L’inflazione di luglio è scesa per due motivi
L’inflazione USA di luglio ha mostrato una decrescita all’8,5% dal 9,1% di giugno, evidenziando la flessione del prezzo di alcuni beni (benzina -10%, grano -37%, mais -27%, noli marittimi dall’Asia verso i porti della California -11,4%) e segnalando che il picco potrebbe essere stato raggiunto. Perché questa flessione? Prevalentemente per due motivi. Il primo è la distensione delle catene di approvvigionamento, almeno sul fronte della logistica USA, che diversi economisti stimano essere responsabili per circa il 2,5% - 3% della crescita dei prezzi. Il secondo è il rallentamento della crescita dei consumi privati, comunque ancora sostenuti dai forti aiuti di stato ma ormai in via di esaurimento. L’inflazione potrebbe quindi essere causa ed effetto della sua stessa riduzione. Il mercato monetario sembra crederci, scontando una riduzione dei tassi a partire dal secondo trimestre del 2023.
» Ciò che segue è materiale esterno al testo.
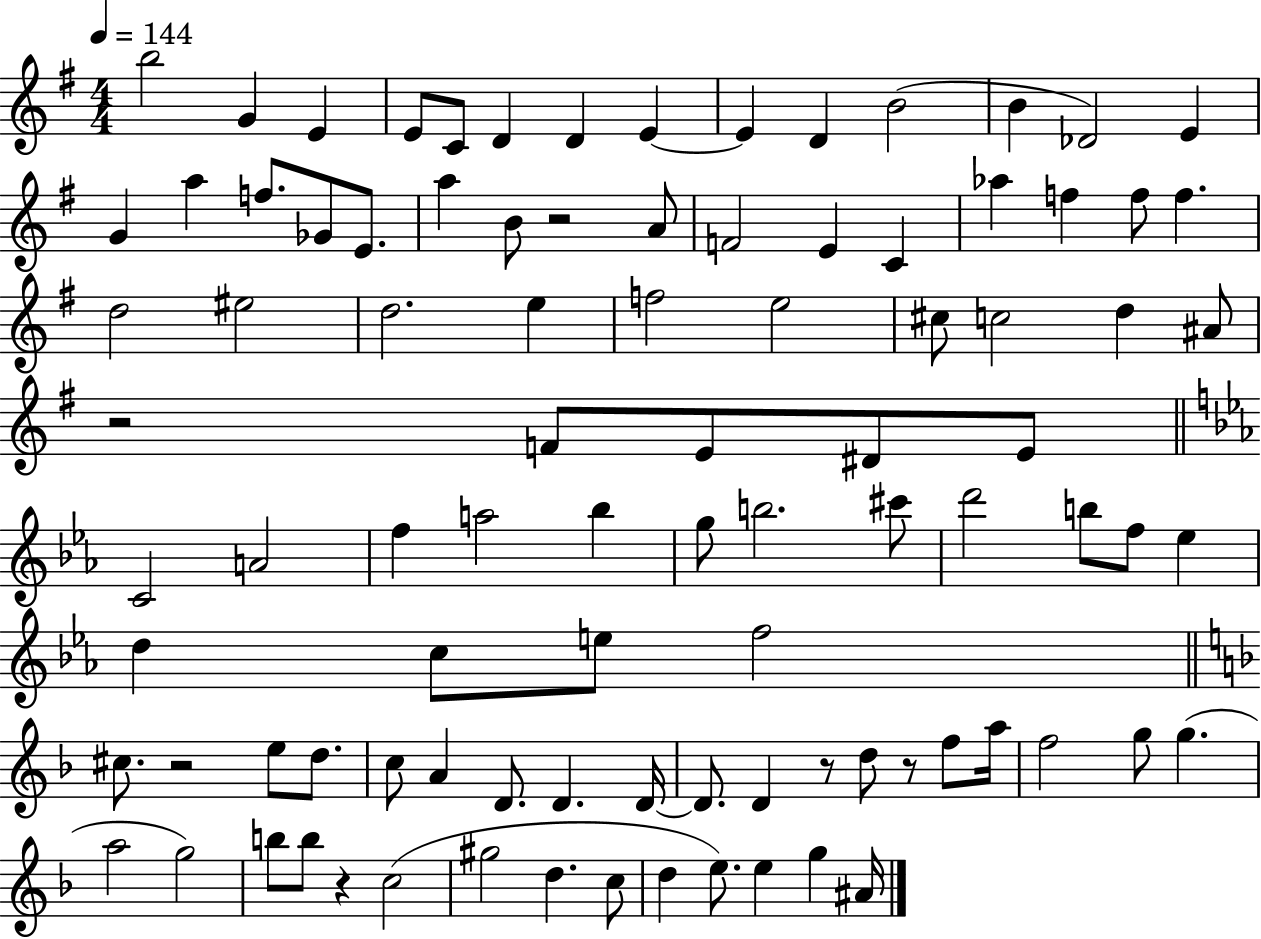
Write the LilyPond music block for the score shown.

{
  \clef treble
  \numericTimeSignature
  \time 4/4
  \key g \major
  \tempo 4 = 144
  b''2 g'4 e'4 | e'8 c'8 d'4 d'4 e'4~~ | e'4 d'4 b'2( | b'4 des'2) e'4 | \break g'4 a''4 f''8. ges'8 e'8. | a''4 b'8 r2 a'8 | f'2 e'4 c'4 | aes''4 f''4 f''8 f''4. | \break d''2 eis''2 | d''2. e''4 | f''2 e''2 | cis''8 c''2 d''4 ais'8 | \break r2 f'8 e'8 dis'8 e'8 | \bar "||" \break \key ees \major c'2 a'2 | f''4 a''2 bes''4 | g''8 b''2. cis'''8 | d'''2 b''8 f''8 ees''4 | \break d''4 c''8 e''8 f''2 | \bar "||" \break \key d \minor cis''8. r2 e''8 d''8. | c''8 a'4 d'8. d'4. d'16~~ | d'8. d'4 r8 d''8 r8 f''8 a''16 | f''2 g''8 g''4.( | \break a''2 g''2) | b''8 b''8 r4 c''2( | gis''2 d''4. c''8 | d''4 e''8.) e''4 g''4 ais'16 | \break \bar "|."
}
Difficile prevedere l’andamento dei mercati
Gli investitori non possono prevedere i mercati al ribasso ma possono prepararsi ad affrontarli. Possono guardare nello specchietto retrovisore e vedere che le obbligazioni hanno avuto una performance negativa fino ad oggi, ma i rendimenti obbligazionari attuali e cedole delle nuove emissioni sono più alti rispetto all’inizio dell’anno. La domanda è capire se il perdurare di un'inflazione elevata e l'aumento dei tassi d'interesse siano ricompresi nei prezzi delle obbligazioni (Citigroup stima il treasury decennale al 4% per fine anno). Dal nostro punto di vista, riteniamo che una sana diversificazione e titoli di alta qualità siano in grado di produrre valore, soprattutto nell'attuale situazione d'incertezza.